**WHAT TO PRODUCE**
Look below for the line with "Gucci Calfskin Ayers", then repeat it and all lines after it, exactly, minus any pictures.

**DATA LISTING**
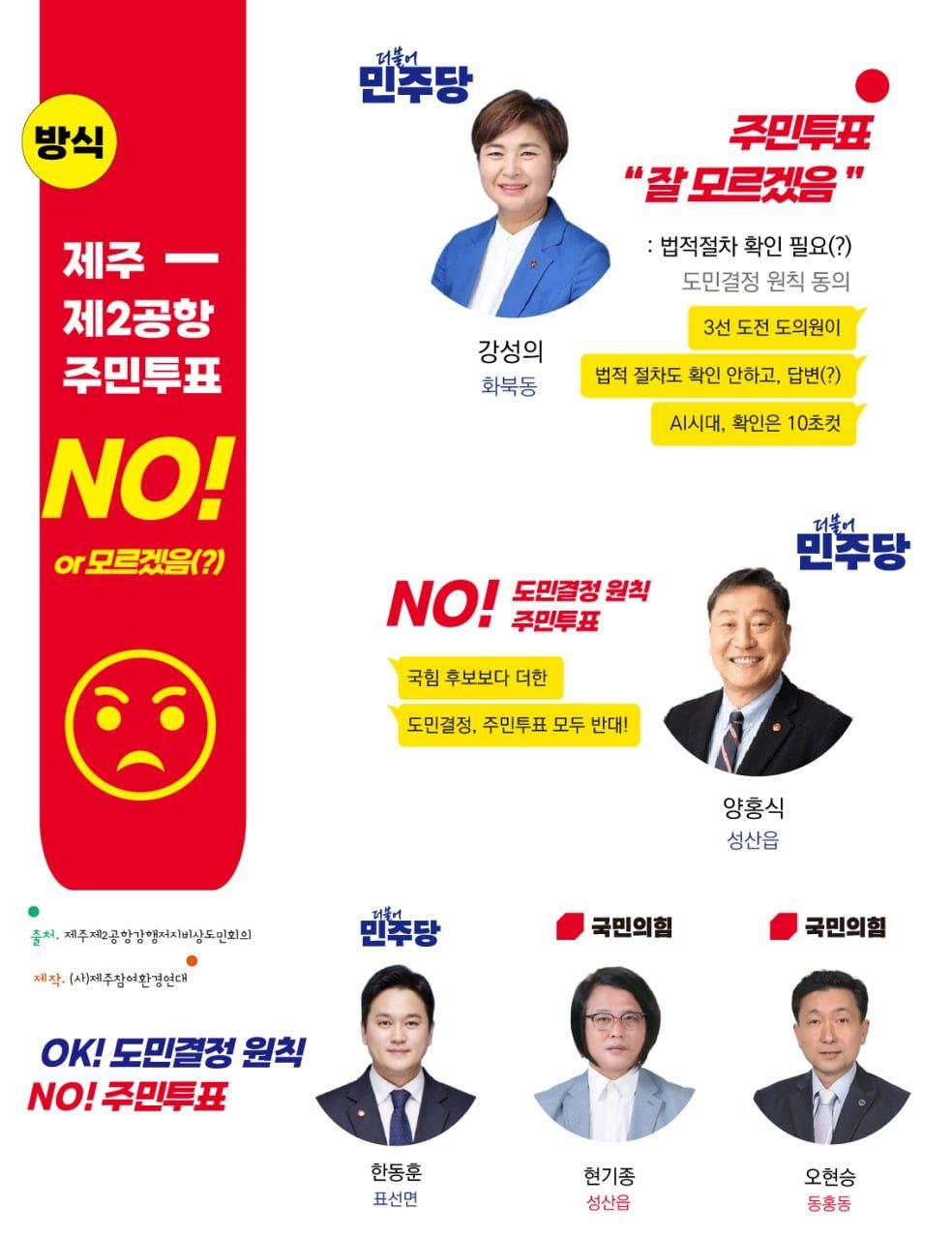 제2공항 주민투표에 반대하거나 모르겠다고 답한 제주도의원 후보들 포스터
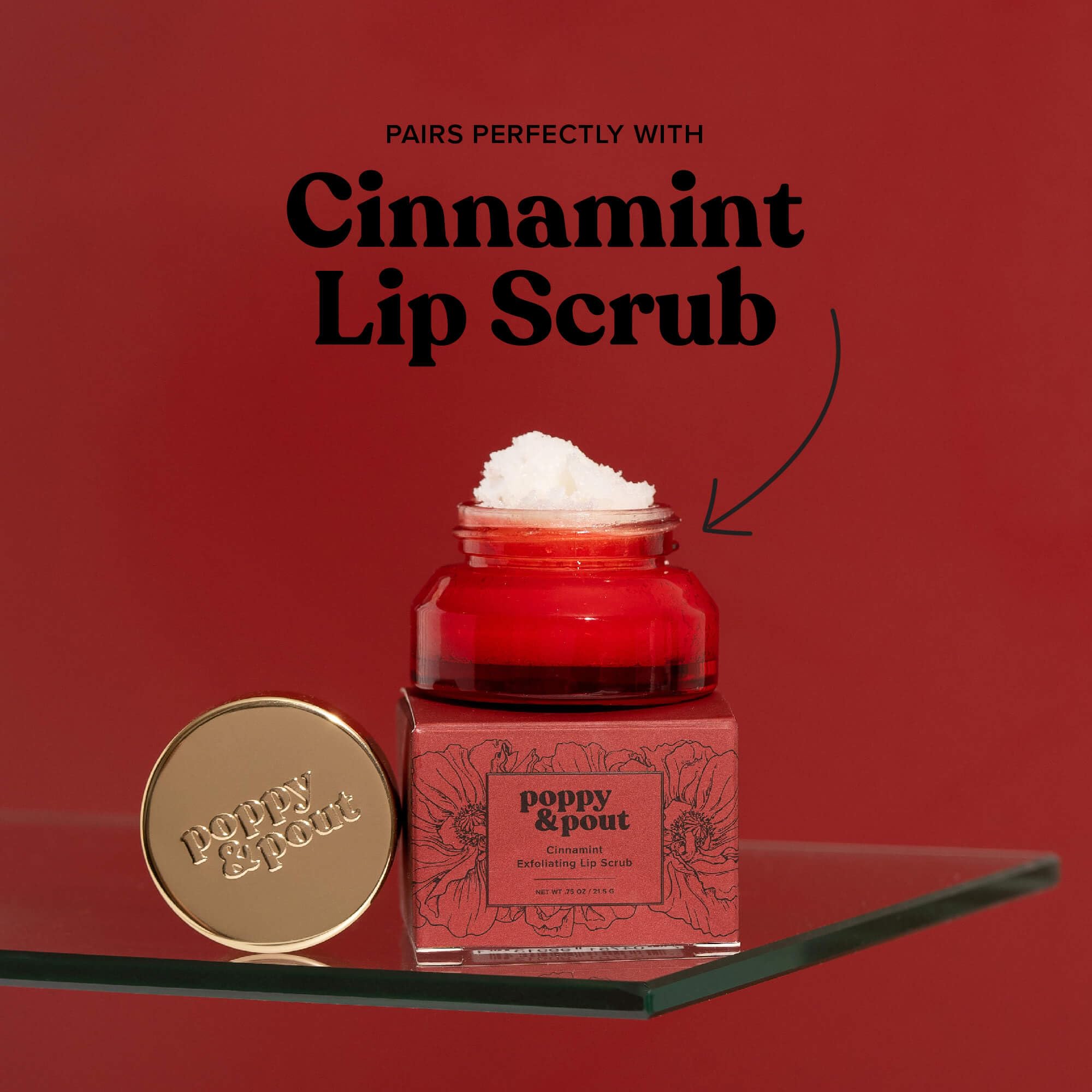 Poppy & Pout lifestyle outdoor shot showing protective lip care on-the-go benefit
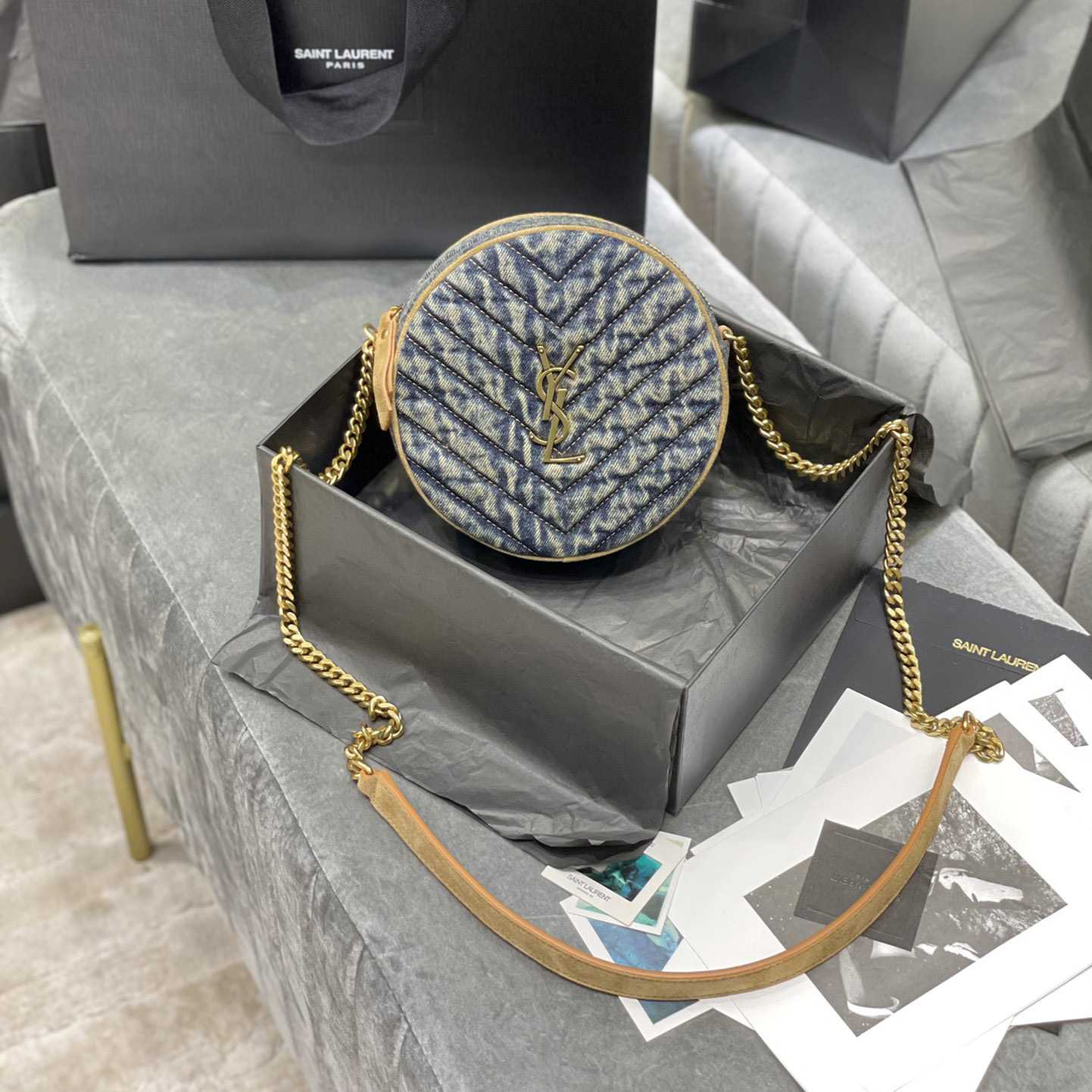Saint Laurent Nile Round Matelassé Denim Bag (17-17-5.5cm) - FashionPlug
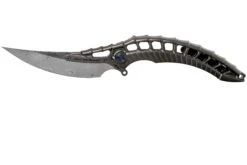 Rike Knife Alien4 Acero De Damasco Dark Grey Navaja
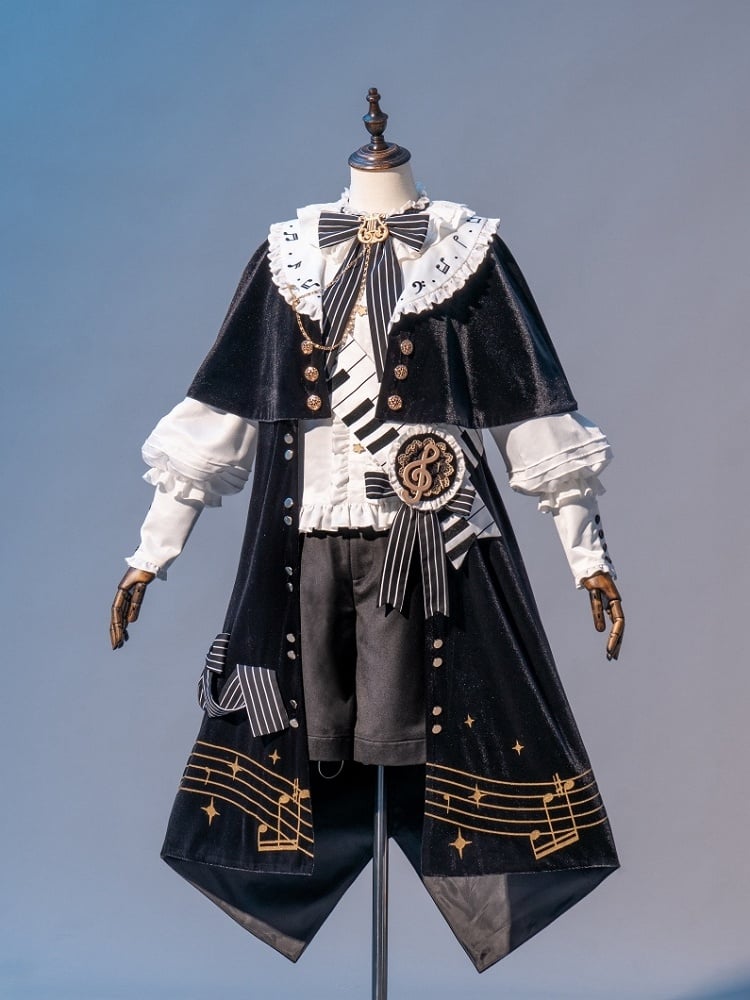 Schwarz-weißes Ouji-Lolita-Komplettset – weißes Hemd + schwarze Shorts + schwarze Robe mit Musiknoten-Aufdruck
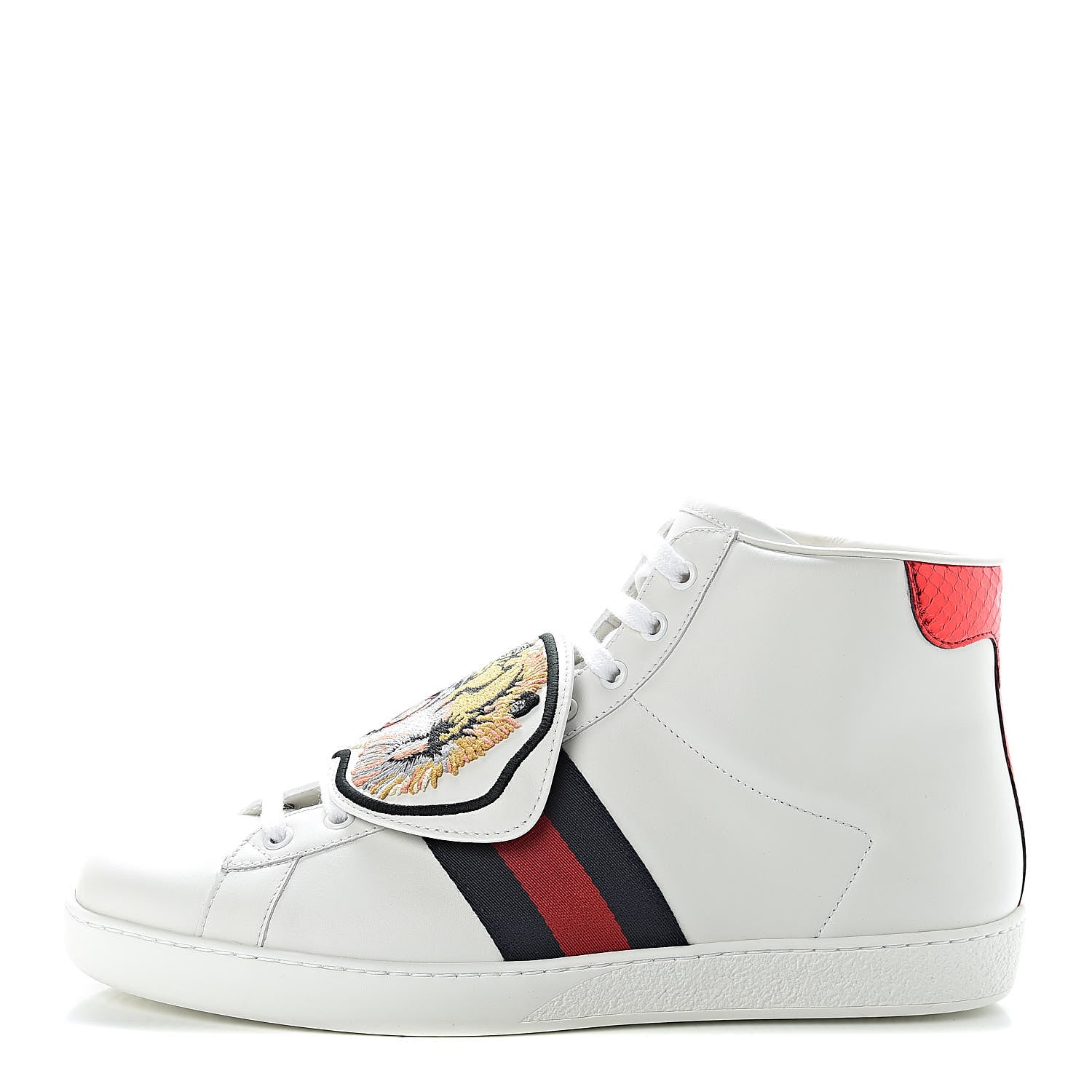 Gucci Calfskin Ayers Web Tiger Removable Patches Ace Mens High Top Sneakers 9 White 1 of 10
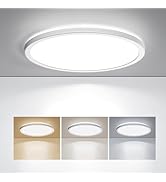BLNAN LED Flush Mount Ceiling Light, 12 Inch 24W 3000K/4000K/5000K Hardwire Light Fixture, Ultra ...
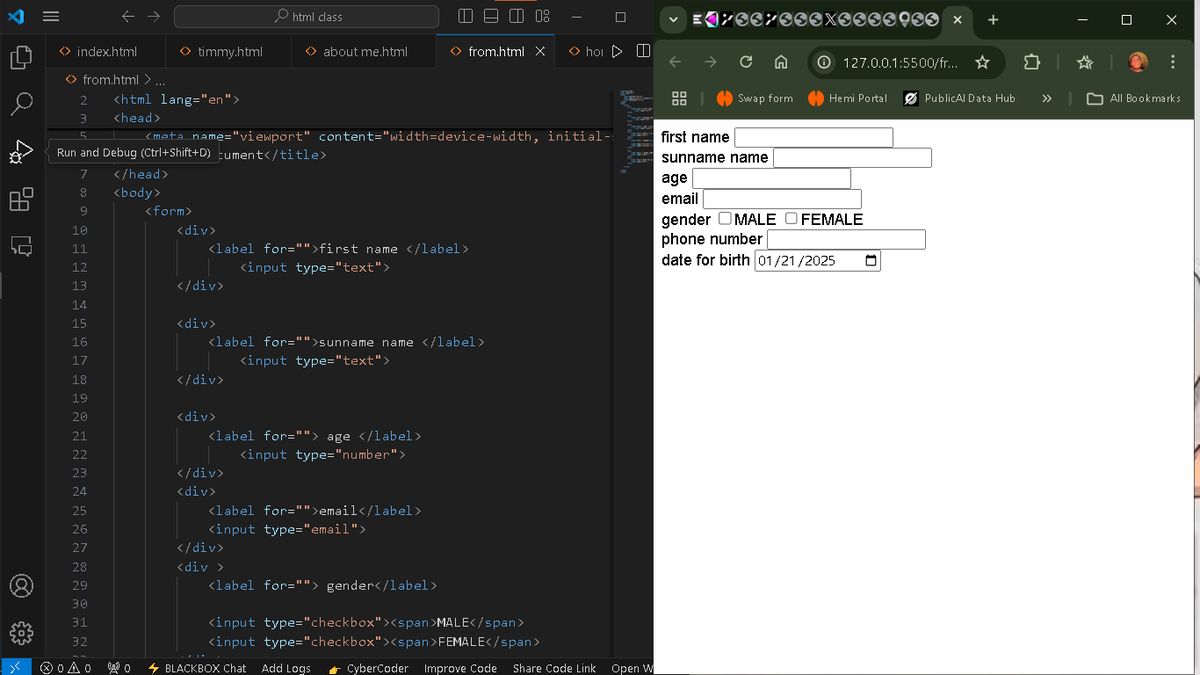 timmy5575's tweet photo. My development no html 
@fliptotech today I learnt on html froms https://t.co/I4BzG5NCfC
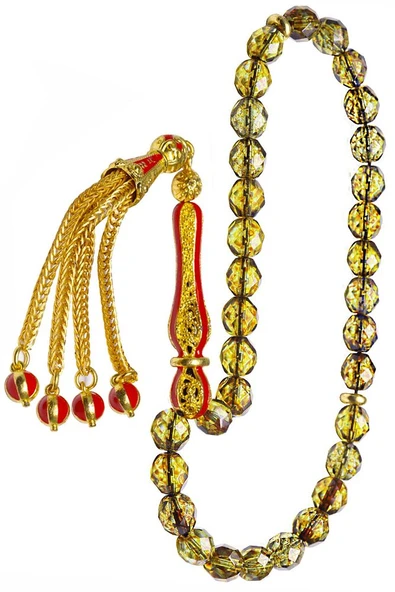 Sertifikalı Ktelkari Püskül Yeşil Doğal Kuvars Taşı Tesbih - Resim 6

**RESULT OF THE TASK**
 Gucci Calfskin Ayers Web Tiger Removable Patches Ace Mens High Top Sneakers 9 White 1 of 10
BLNAN LED Flush Mount Ceiling Light, 12 Inch 24W 3000K/4000K/5000K Hardwire Light Fixture, Ultra ...
 timmy5575's tweet photo. My development no html 
@fliptotech today I learnt on html froms https://t.co/I4BzG5NCfC
 Sertifikalı Ktelkari Püskül Yeşil Doğal Kuvars Taşı Tesbih - Resim 6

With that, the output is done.